15. Accordingly, the Third Circuit directed the bankruptcy court on remand to determine (a) whether there was impermissible collusion that would negate the buyer's good faith status; (b) in the event of collusion, whether the buyer paid "value" for the assets purchased; (c) in the absence of value, whether the bankruptcy court had the power to undo the sale to the buyer; and (d) if the court found it had the power to undo the sale, whether it should, in an exercise of its equitable jurisdiction, pursue an alternate remedy. Abbotts Dairies, 778 F.2d at 151.

16. Consistent with this mandate, I found in ruling on the Sale Motion that American did not manipulate the timing of TWA's bankruptcy. In the absence of the American agreement, TWA would have filed for chapter 11 relief days earlier then the January 10, 2001 filing.
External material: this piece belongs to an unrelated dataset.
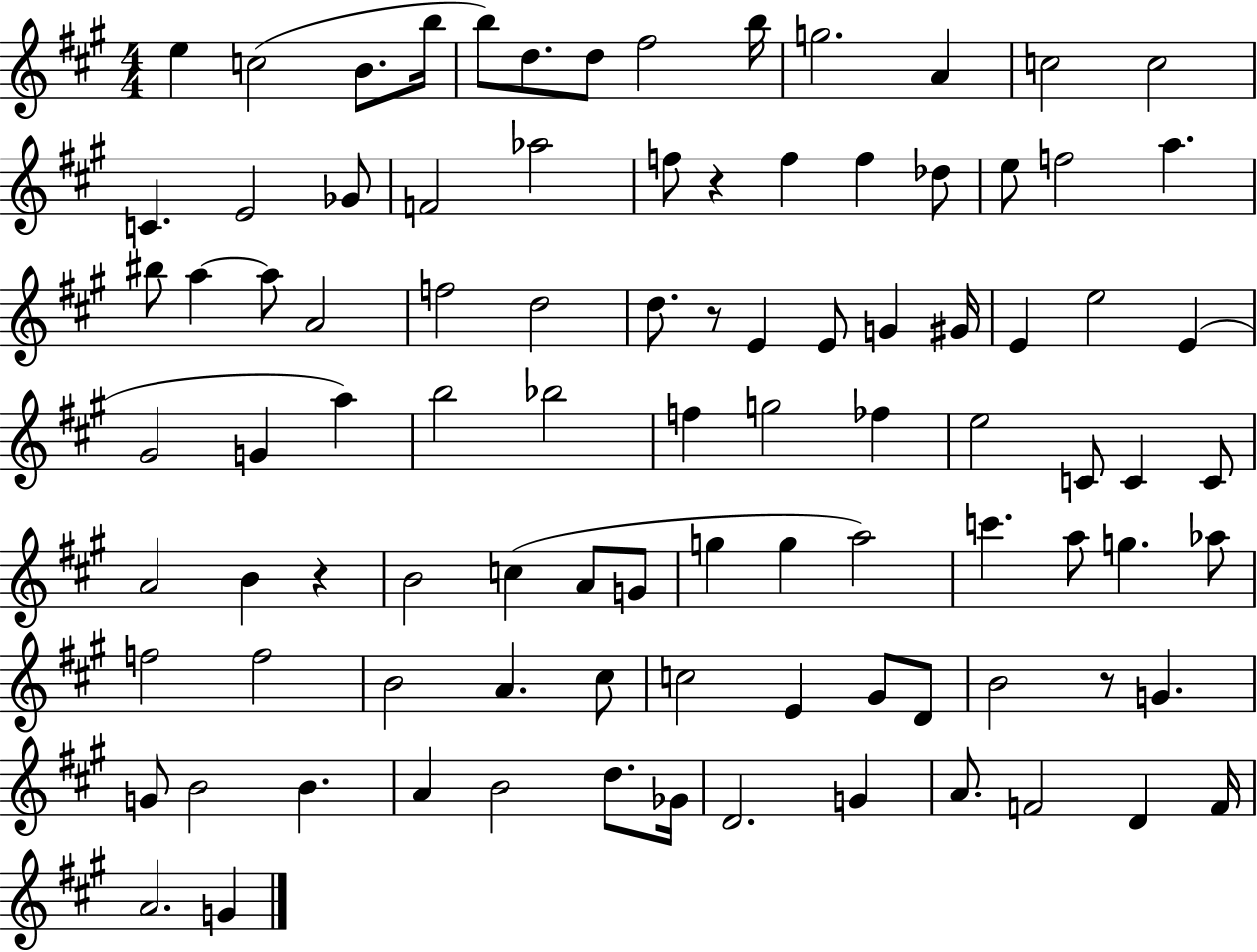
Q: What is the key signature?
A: A major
Sale Hearing Tr. at 380. That filing would have been a "free fall" chapter 11 case with its attendant outcome risks.

17. Neither American nor TWA contrived an "emergency." Before negotiating the Asset Purchase Agreement, TWA ended the year 2000 with $100 million in cash, which TWA's testimony established was $50 to $100 million less than TWA needed to survive its winter season. TWA's approximate cash balance on January 10, 2001 was $20 — 30 million and TWA needed $40 million to fund its operations the next day. First Day Tr. at 54. As this chapter 11 case progressed, TWA had, and continues to have, a cash burn rate of $3 million per day.
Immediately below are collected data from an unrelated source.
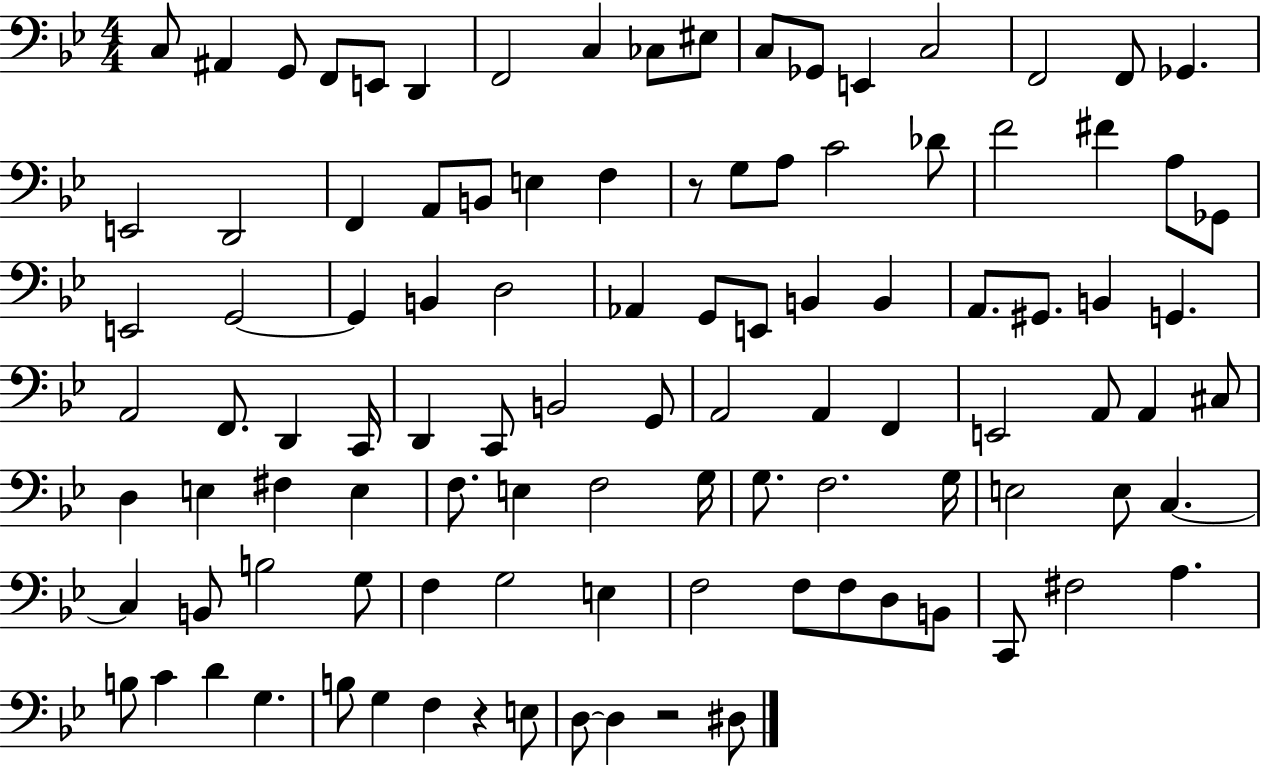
C3/e A#2/q G2/e F2/e E2/e D2/q F2/h C3/q CES3/e EIS3/e C3/e Gb2/e E2/q C3/h F2/h F2/e Gb2/q. E2/h D2/h F2/q A2/e B2/e E3/q F3/q R/e G3/e A3/e C4/h Db4/e F4/h F#4/q A3/e Gb2/e E2/h G2/h G2/q B2/q D3/h Ab2/q G2/e E2/e B2/q B2/q A2/e. G#2/e. B2/q G2/q. A2/h F2/e. D2/q C2/s D2/q C2/e B2/h G2/e A2/h A2/q F2/q E2/h A2/e A2/q C#3/e D3/q E3/q F#3/q E3/q F3/e. E3/q F3/h G3/s G3/e. F3/h. G3/s E3/h E3/e C3/q. C3/q B2/e B3/h G3/e F3/q G3/h E3/q F3/h F3/e F3/e D3/e B2/e C2/e F#3/h A3/q. B3/e C4/q D4/q G3/q. B3/e G3/q F3/q R/q E3/e D3/e D3/q R/h D#3/e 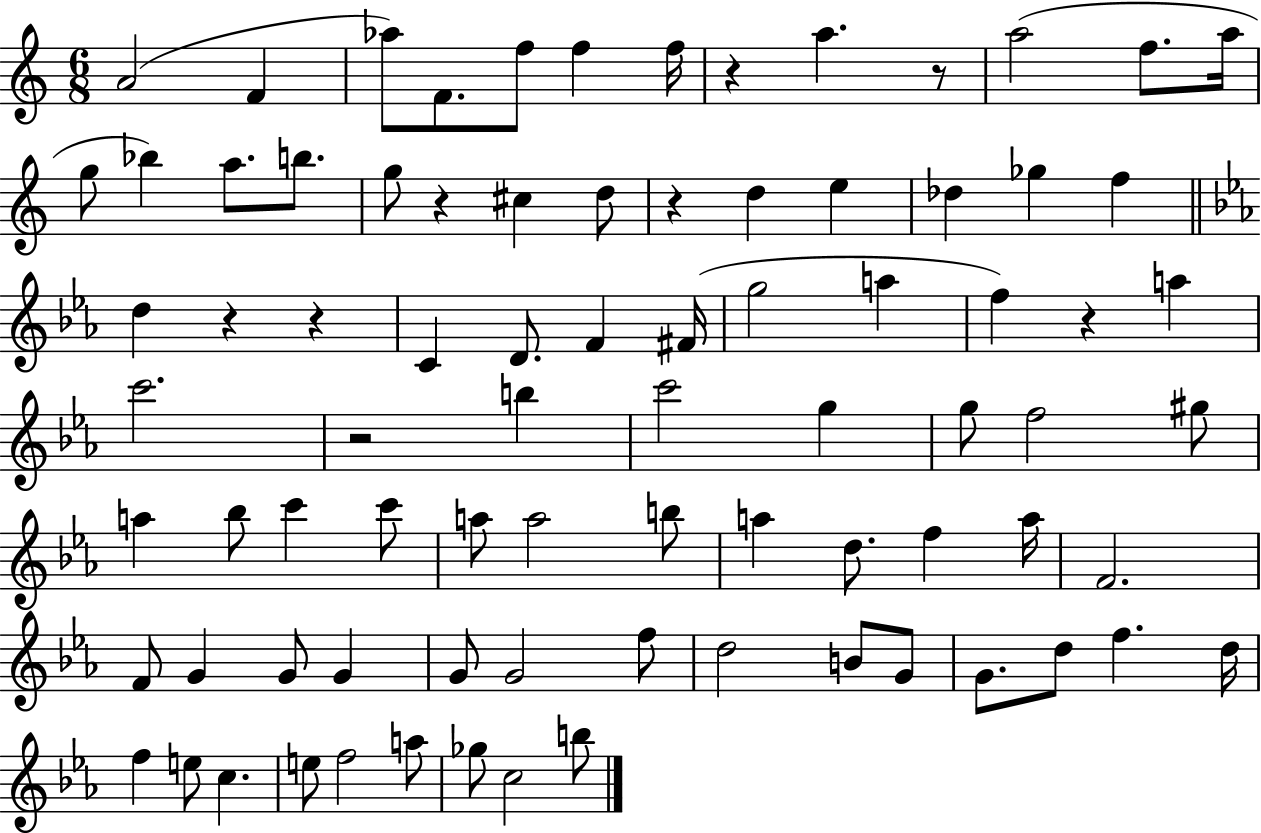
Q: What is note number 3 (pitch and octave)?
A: Ab5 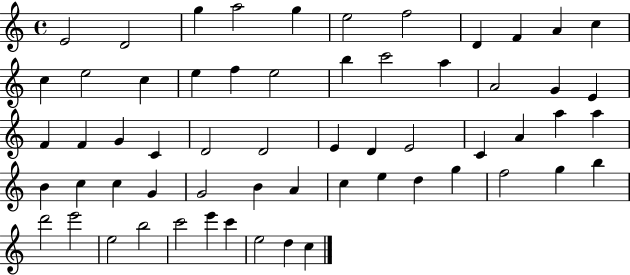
X:1
T:Untitled
M:4/4
L:1/4
K:C
E2 D2 g a2 g e2 f2 D F A c c e2 c e f e2 b c'2 a A2 G E F F G C D2 D2 E D E2 C A a a B c c G G2 B A c e d g f2 g b d'2 e'2 e2 b2 c'2 e' c' e2 d c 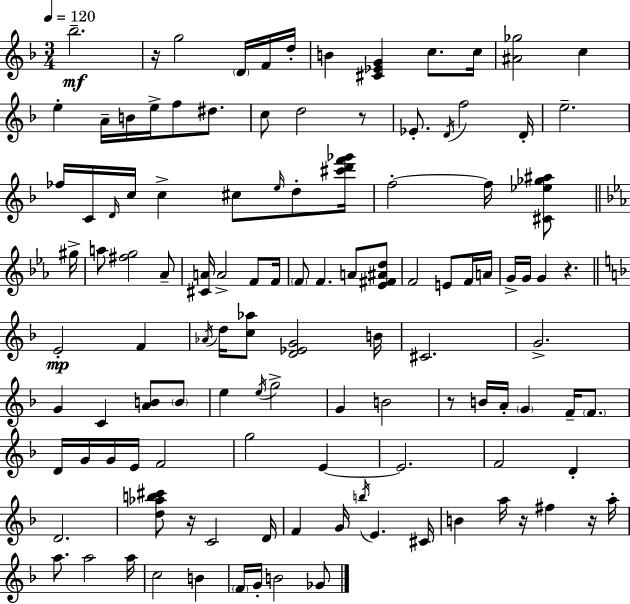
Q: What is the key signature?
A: D minor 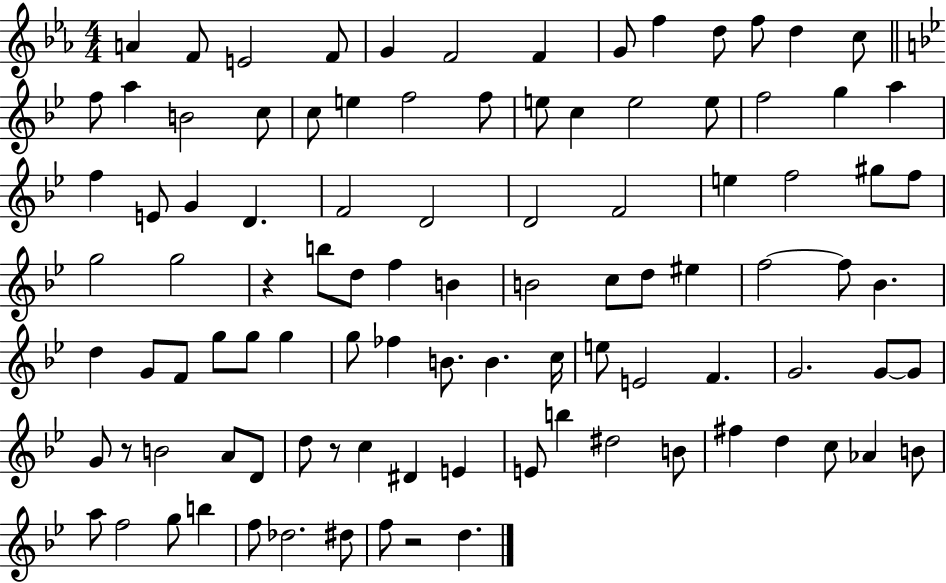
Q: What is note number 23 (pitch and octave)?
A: C5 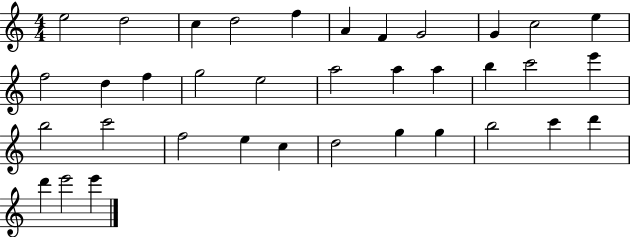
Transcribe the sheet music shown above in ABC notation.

X:1
T:Untitled
M:4/4
L:1/4
K:C
e2 d2 c d2 f A F G2 G c2 e f2 d f g2 e2 a2 a a b c'2 e' b2 c'2 f2 e c d2 g g b2 c' d' d' e'2 e'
18. Section 1110 further dictated the time constraints of the bid procedures and the need to bring this matter on for a § 363 sale within 60 days of the petition date. TWA leases approximately 97% of its 180 aircraft. Sale Hearing Tr. at 21. It had to complete the auction and sale process no later than March 12, 2001 to avoid the very real prospect of having its fleet grounded by the § 1110 lessors. The Code imposes this deadline for all airlines filing for bankruptcy and no bankruptcy court has any authority to delay, for "cause" or any other reason, the exercise by aircraft lessors of their § 1110 right to either timely rental payments or repossession. Absent the DIP Financing provided by American as a part of the proposed sale transaction, it is clear that TWA did not have the funds to satisfy its lease obligations.

19. Contrary to the assertions of the movants, the court-approved key employee retention program does not establish collusion between TWA and American because the benefits under the program accrue to TWA's senior management even if some other transaction, i.e., one other than the sale of TWA's assets to American, including a standalone reorganization, is consummated. Notably, the Committee withdrew its objection to the key employee retention program during the January 27, 2001 hearing. Bid Procedures Tr. at 7.
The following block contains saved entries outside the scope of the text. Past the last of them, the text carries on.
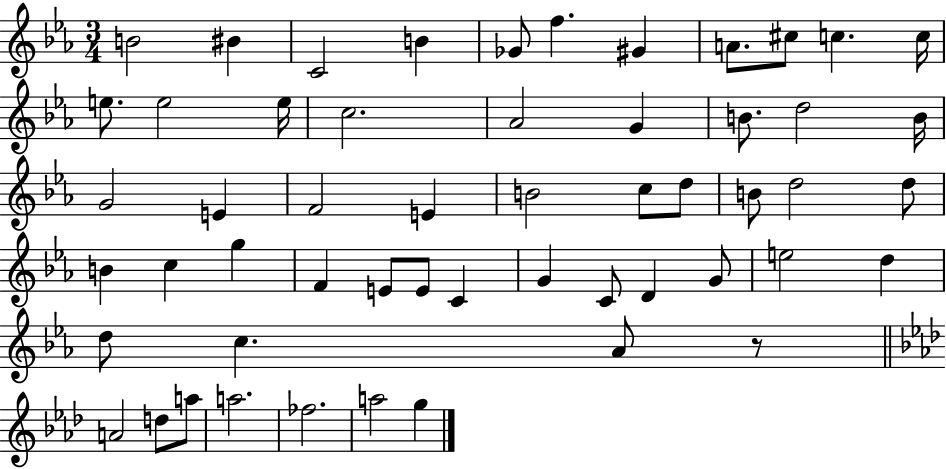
{
  \clef treble
  \numericTimeSignature
  \time 3/4
  \key ees \major
  b'2 bis'4 | c'2 b'4 | ges'8 f''4. gis'4 | a'8. cis''8 c''4. c''16 | \break e''8. e''2 e''16 | c''2. | aes'2 g'4 | b'8. d''2 b'16 | \break g'2 e'4 | f'2 e'4 | b'2 c''8 d''8 | b'8 d''2 d''8 | \break b'4 c''4 g''4 | f'4 e'8 e'8 c'4 | g'4 c'8 d'4 g'8 | e''2 d''4 | \break d''8 c''4. aes'8 r8 | \bar "||" \break \key aes \major a'2 d''8 a''8 | a''2. | fes''2. | a''2 g''4 | \break \bar "|."
} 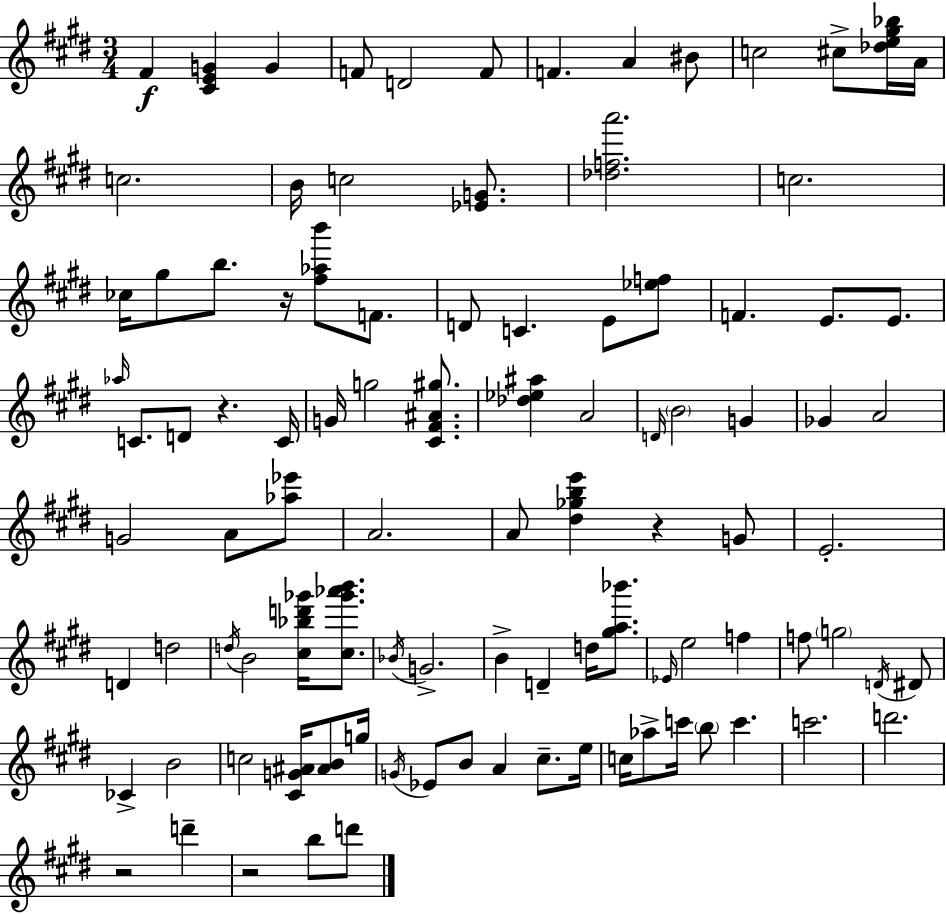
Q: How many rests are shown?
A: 5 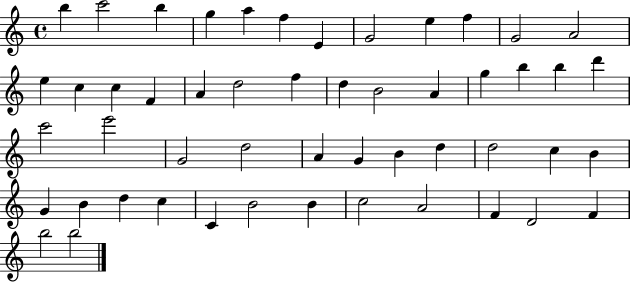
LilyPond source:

{
  \clef treble
  \time 4/4
  \defaultTimeSignature
  \key c \major
  b''4 c'''2 b''4 | g''4 a''4 f''4 e'4 | g'2 e''4 f''4 | g'2 a'2 | \break e''4 c''4 c''4 f'4 | a'4 d''2 f''4 | d''4 b'2 a'4 | g''4 b''4 b''4 d'''4 | \break c'''2 e'''2 | g'2 d''2 | a'4 g'4 b'4 d''4 | d''2 c''4 b'4 | \break g'4 b'4 d''4 c''4 | c'4 b'2 b'4 | c''2 a'2 | f'4 d'2 f'4 | \break b''2 b''2 | \bar "|."
}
20. TWA had no other strategic transaction available to it and had no other offer for value to which it could turn. Nor could TWA rely on its self-help plan because TWA was unable to procure adequate capital infusion to implement that plan. Its only alternative was a free fall chapter 11 filing with the high likelihood of a piecemeal liquidation of the enterprise.

21. On January 9, 2001, Rothschild presented the Asset Purchase Agreement to TWA's Board of Directors ("TWA Board"). In accordance with industry practice, Rothschild did not issue a formal fairness opinion because the auction proceeding itself was expected to reflect the fair market value of the assets sold, i.e., the highest and best bid. Sale Hearing Tr. at 188. In this regard, it is worth noting that a § 363(b) sale transaction does not require an auction procedure. The auction procedure has developed over the years as an effective means for producing an arm's length fair value transaction.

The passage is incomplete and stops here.